Dubois & King Inc. awarded the Sunderland Building Committee a $10,000 grant that has helped this project get started. The committee applied for the grant that Dubois and King Inc. provides every year. They give out two grant per year to municipalitiues in Vermont and New Hampshire. Sunderland has also appointed architect Barry Arthur Hoeg, of Quechee, to work on the project.
Currently, Sunderland's town clerk operates out of an office adjacent to her home, where records are filed and maintained.
Initial work has been concluded on the location and the approximate size of the building. The town hall will be approximately 3,000 square feet on an 11-acre town owned parcel on Sunderland Hill
The town has been exploring building a seperate municipal town office with expanded meeting space as well as a modern vault for current property and historic town records. The project goes back more than a decade and the town has been setting aside a certain amount of money each year during its March Town Meeting to build a fund to pay for its eventual construction. Overall the town has set aside $200,000 for the project.
On Monday, Sept. 10, the Sunderland Building Committee conducted the first joint meeting with the selected firms for the proposed Town Hall Building Project. In the meeting the building committee was able to outline a working timeline and anticipated schedule for completion.
By next March the building should have a clear blueprint and outline of where the funds for the project will be coming from, Boutin said.
"The idea is that at the March town meeting, or directly before town meeting, everything will be in place to present to the Town a blueprint of the building, a cost of construction and a method whereby the town can pay for it," Boutin Said, "The voters should then have the necessary information to make a decision on building the town hall or not."

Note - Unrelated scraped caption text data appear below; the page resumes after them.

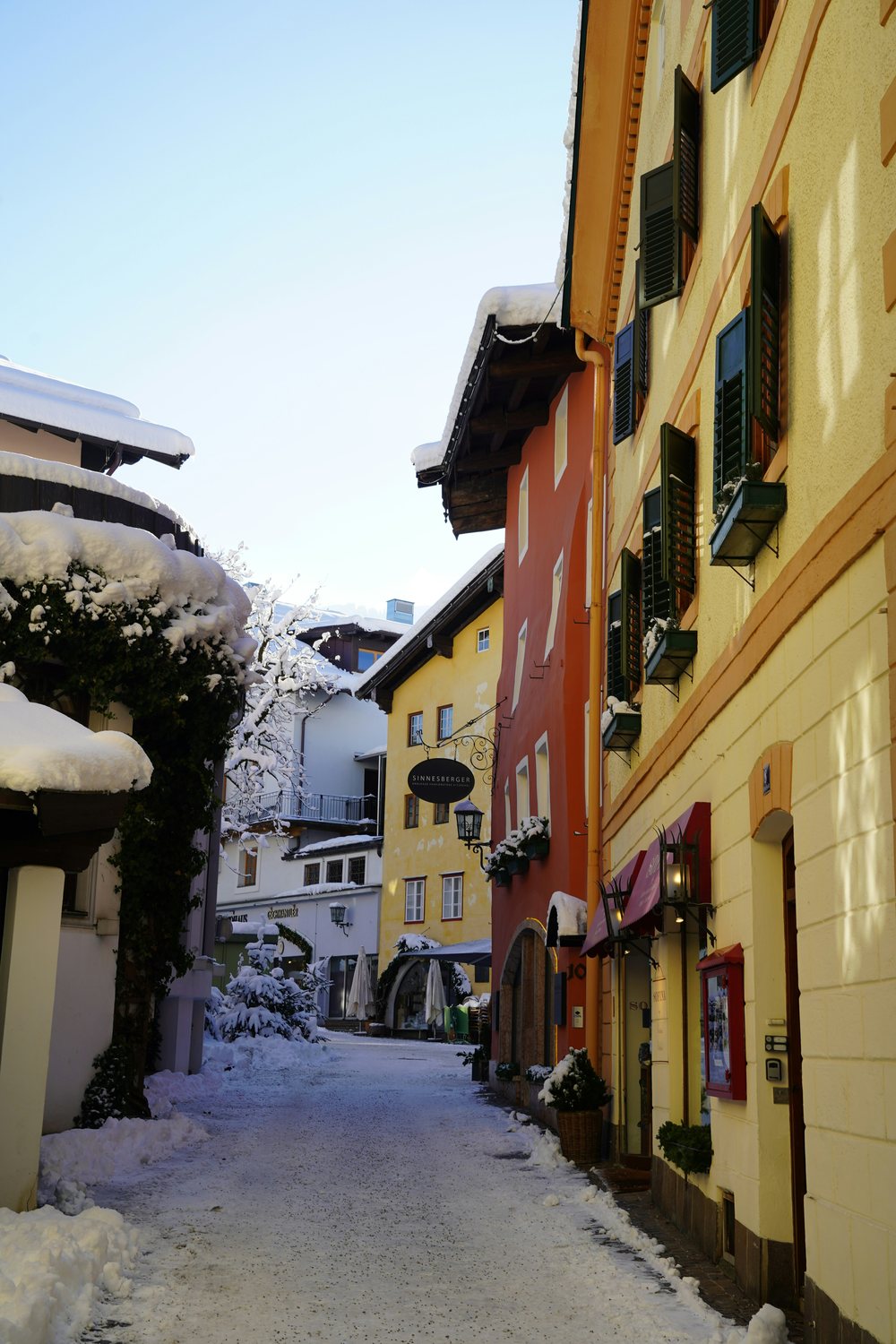 Boutique in der Kitzbüheler Altstadt im Winter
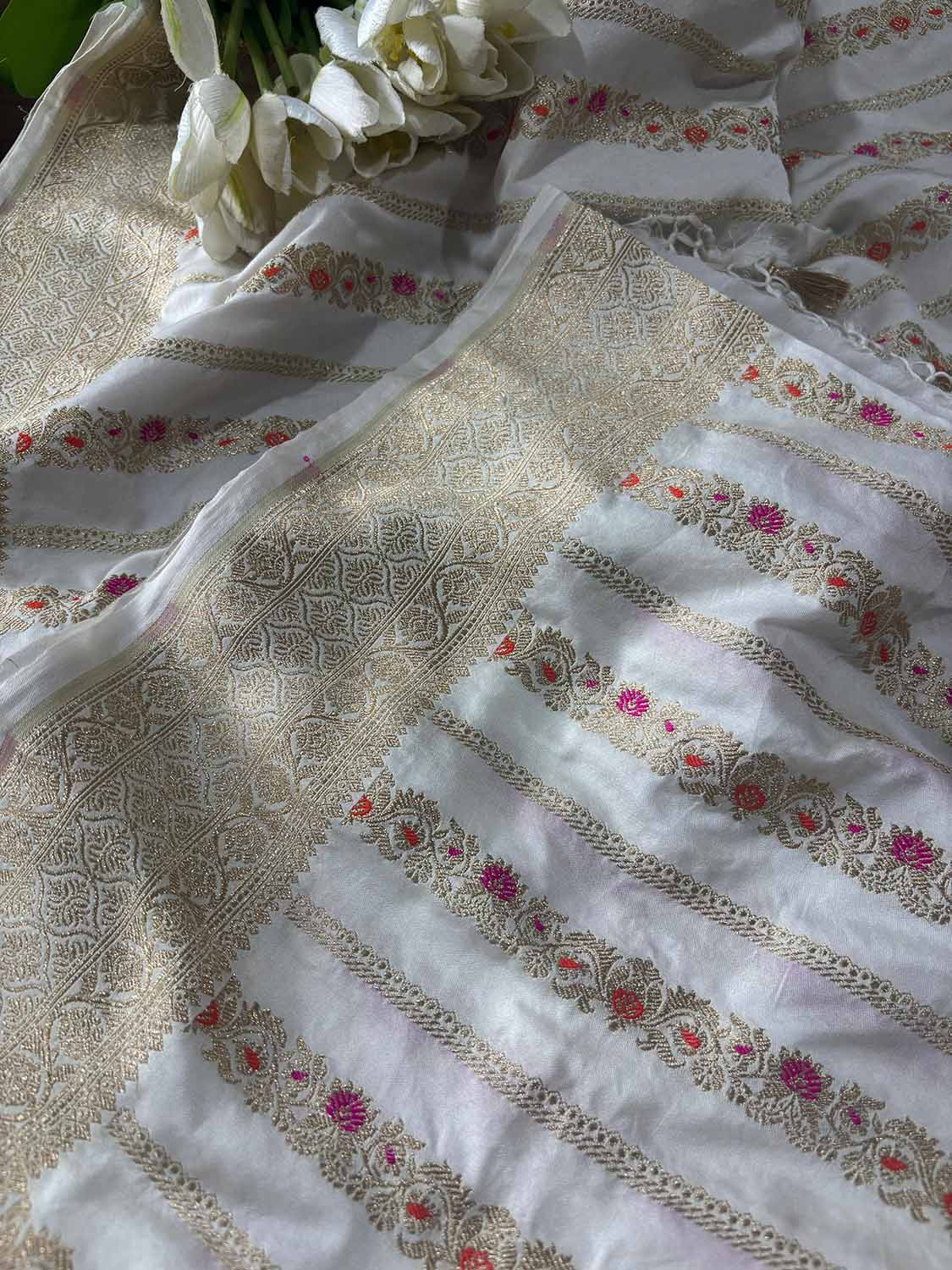 Dyeable Banarasi Mashru Silk Meenakari Saree - Luxurion World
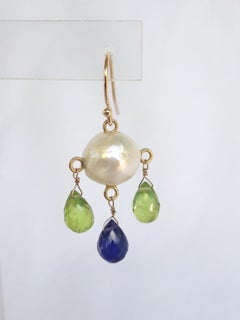 Marina J Boucles d'oreilles en perles blanches avec briolettes d'iolite et de péridots  et or 14 carats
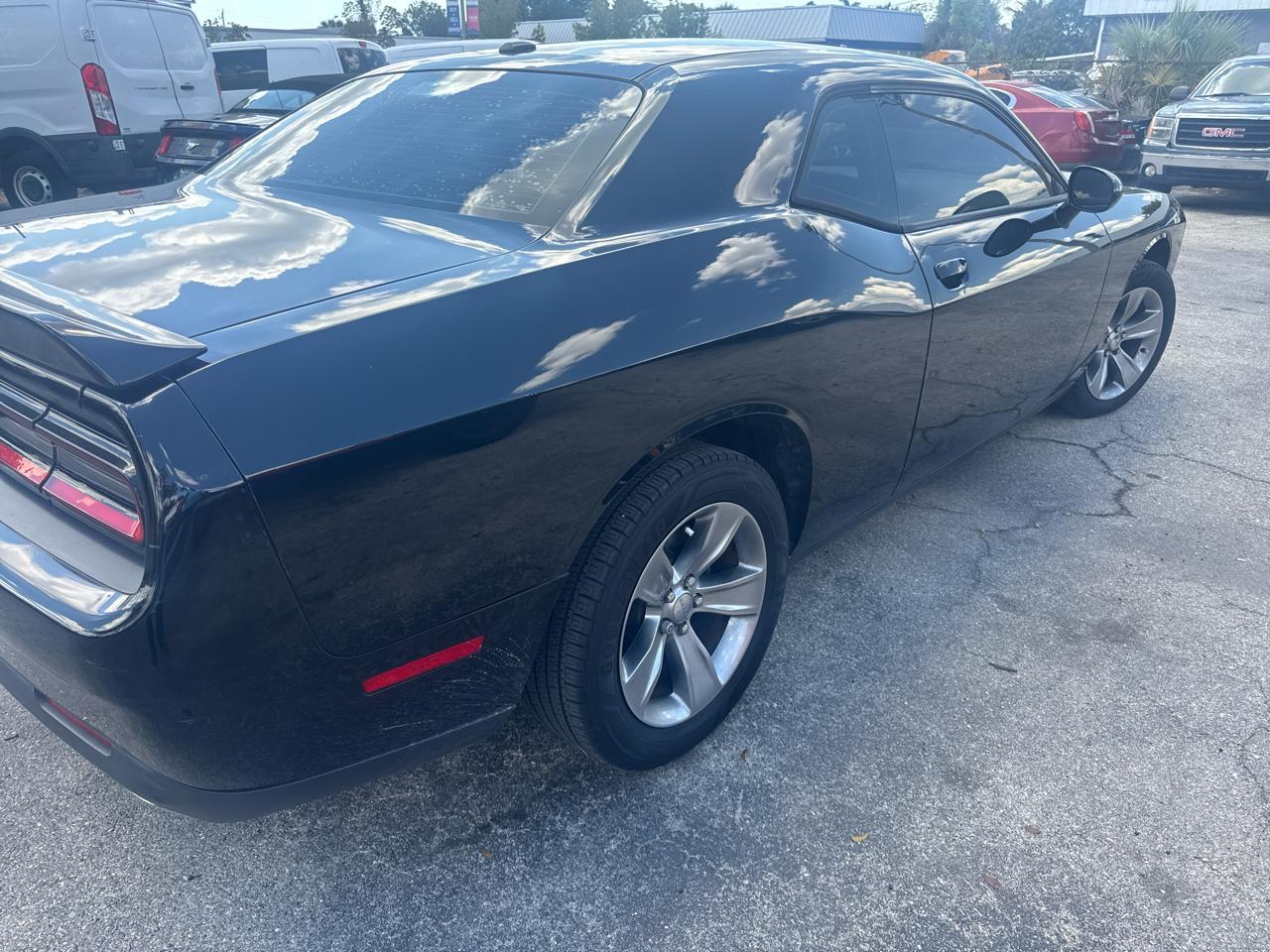 Dodge Challenger Sxt - Thumbnail 9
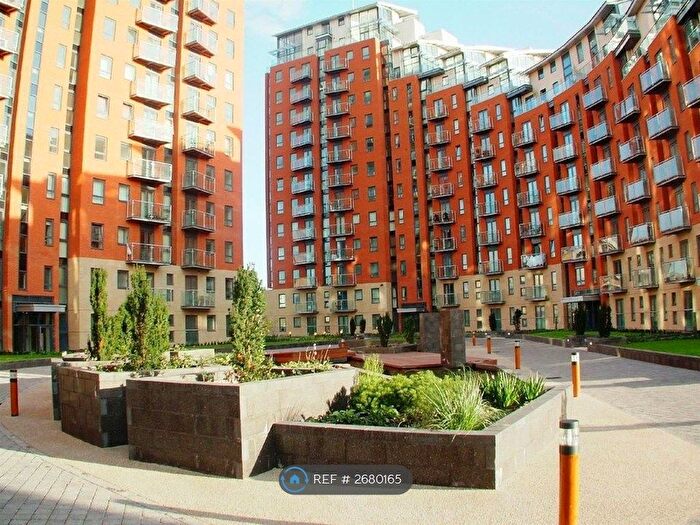 1 Bedroom Flat To Rent In Santorini, Leeds, LS12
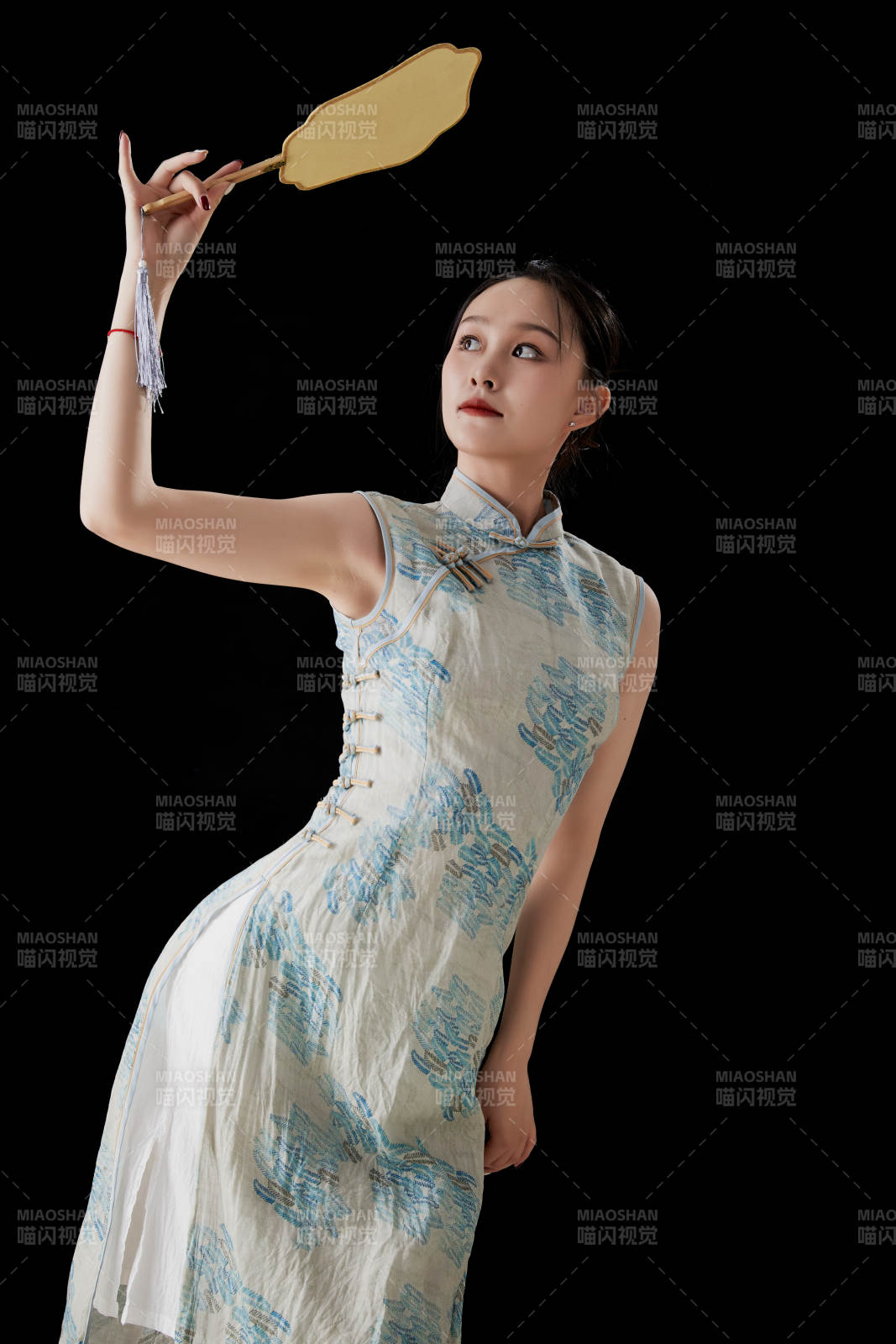 穿着中式旗袍的亚洲少女图片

In addition to the anticipated construction of the town hall, Sunderland is also seeking bids from contractors to work on sections of Kelly Stand Road, which was severely damaged in places during the floods unleashed by Tropical Storm Irene.
Work on the Kelly Stand will include excavation of the Roaring Branch river channel to move the river flow back to what it was before the storm struck as well as fill and fortify the ditch along the road. Remaining debris will also have to be removed.
A pre-bid meeting was held on Tuesday, Sept. 11, with the State officials involved in the permitting process and the Forest Service engineer, (next time, get their names and specific titles) for contractors interested and able to start work on the Roaring Branch project. The project must be completed by Oct. 1 so the board would like to get started on it as soon as possible, Boutin said.
All bids must be submitted by 10 a.m. on Friday, Sept. 14 to the Town Clerk's office. A decision on the bids is expected later that day.